This is wall of sound stuff. Hugging the full sonic spectrum. Everything pushing down onto you. It’s claustrophobic. Imposing. Inescapable. It takes place inside a turbulent squall. Shrieking drones and dagger feedback melodies can be gleamed only by those curious enough to listen closely and with care.
‘Light Chooses Mine’ is a rumbling train of battered toms and whip-cracked snare hits. The sound of a circus seems to exist buried within in the maelstrom. Never quite cutting completely through, just the shadow of a suggestion of those sounds lost in the squeal of feedback. Strange Desires contains all of the ear canal flood of Gnod but where their sounds hit you from capricious angles, this billows out like expanding foam, clogging up every inch of available (head)space.
The finale, ‘PCGFHILTHPOSHI’, gives the impression of a relatively calm ending. Space seems to open up.
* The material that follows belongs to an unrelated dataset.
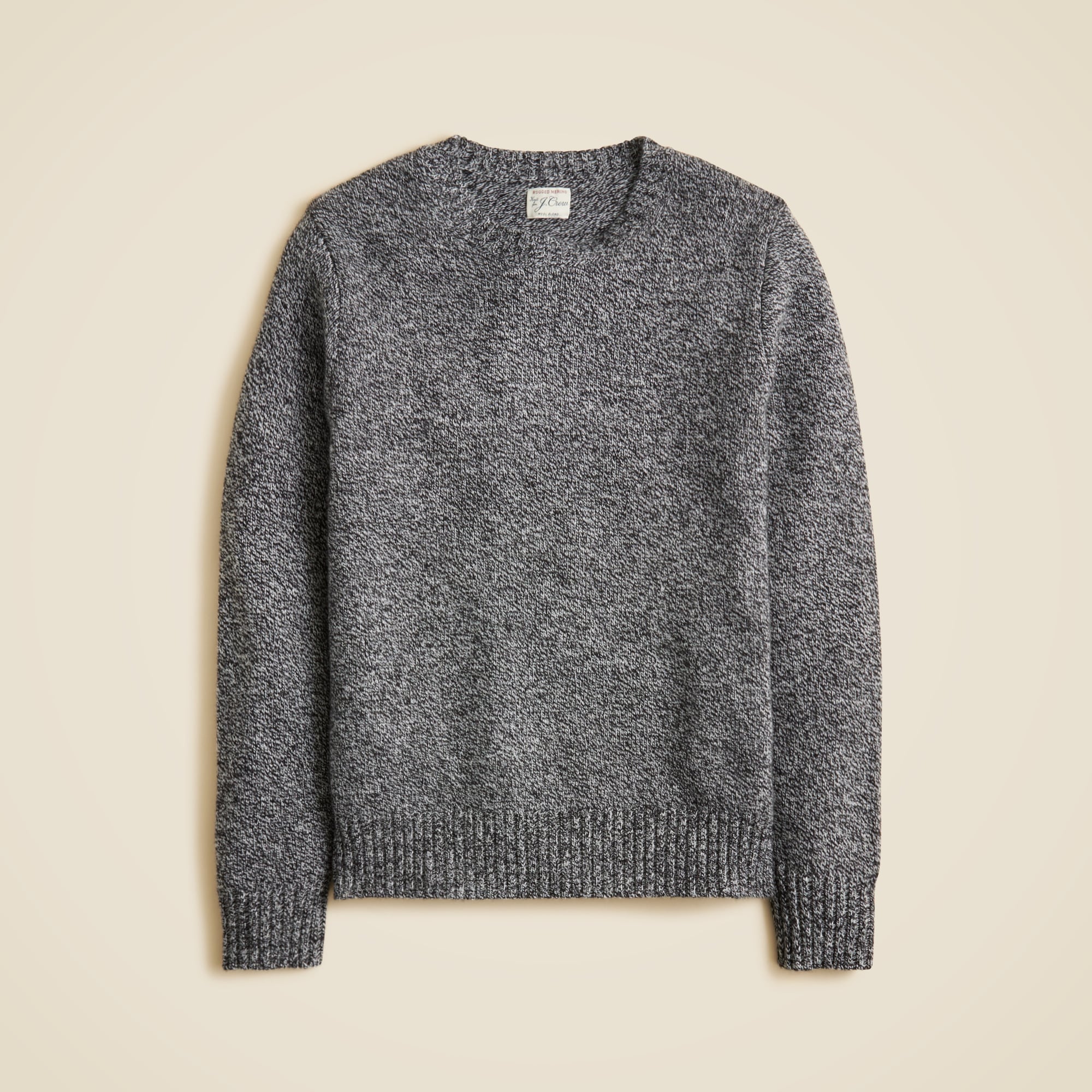 Rugged Merino Wool-blend Marled Sweater For Men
Drums slow down and we’re allowed to drift serenely through a cloud of ambient waves formed of vocals reverb-ed to the nines amidst big hanging drones. But they couldn’t quite let us get out of it as easily as that. Those rampaging drums return with renewed vigour. Like a noise rock take on ambient breaks. Somehow it’s both soothing and unsettling – like drifting off in an MRI machine.
If you’re willing to peel back the onion-like layers of this hulking great beast, there’s surprising beauty to be found. But, much like peeling onions, there’s a good chance it’ll make your eyes water in the process.